And that kind of post unfortunately represents virtually all of Picaro's posts, and a large percentage of USMB.


----------



## Picaro (Jan 31, 2020)

gmeyers1944 said:


> I am looking for a place to discuss politics intelligently!



Thanks for your service at the Post Office. You never lost a single piece of my mail in my entire life, and carriers get no respect for doing such a great job despite the downhill slide Republicans put the organization through trying to ruin it in favor of crap sweat shop companies.


----------



## froggy (Jan 31, 2020)

gmeyers1944 said:


> I am looking for a place to discuss politics intelligently!


Good luck


----------



## the other mike (Jan 31, 2020)

gmeyers1944 said:


> I am looking for a place to discuss politics intelligently!
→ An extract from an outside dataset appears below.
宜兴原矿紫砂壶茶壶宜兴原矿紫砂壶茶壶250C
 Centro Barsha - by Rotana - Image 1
You're in the right place and if you ever feel like 'going postal', try scrolling down to the 'Flame Zone'.
Welcome to USMB.


----------



## the other mike (Jan 31, 2020)

OldLady said:


> Hi.  Have a nibble.


I'm glad you got me donuts and coffee.


----------



## beautress (Jan 31, 2020)

gmeyers1944 said:


> I am looking for a place to discuss politics intelligently!


Welcome to USMB, gmeyers1944. I hope you enjoy the boards.


----------



## Mac-7 (Feb 1, 2020)

Angelo said:


> OldLady said:
> 
> 
> > Hi.  Have a nibble.
> ...


If you find one let us know


----------



## Leo123 (Feb 1, 2020)

Welcome to the Political Forum, now where'd ya go?  Don't let the Godless lefties chase you away.


----------



## toobfreak (Feb 1, 2020)

gmeyers1944 said:


> I am looking for a place to discuss politics intelligently!
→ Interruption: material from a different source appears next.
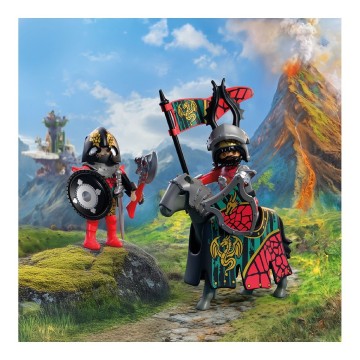 CABALLEROS - CABALLERO DRAGON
You can do that here if you simply put a lot of people on Ignore.  You'll know which ones:  all the ones constantly telling you how brainwashed and stupid and uneducated you are, laughing at their superiority, while losing at everything getting everything wrong and STILL thinking they are getting ahead.


----------



## HereWeGoAgain (Feb 1, 2020)

Angelo said:


> OldLady said:
> 
> 
> > Hi.  Have a nibble.
> ...




  The effects are slow acting.....
Let us know when you start seeing double.


----------



## Unkotare (Feb 1, 2020)

toobfreak said:


> gmeyers1944 said:
> 
> 
> > I am looking for a place to discuss politics intelligently!
> ...




And trying to throw salt at you.


----------



## playtime (Feb 2, 2020)

welcome.........


----------



## overkill (Feb 20, 2020)

gmeyers1944 said:


> I am looking for a place to discuss politics intelligently!




  I am an Atheist.  Does that bother you?


----------



## gmeyers1944 (Feb 20, 2020)

overkill said:


> gmeyers1944 said:
> 
> 
> > I am looking for a place to discuss politics intelligently!
> ...


No, it does not bother me.


----------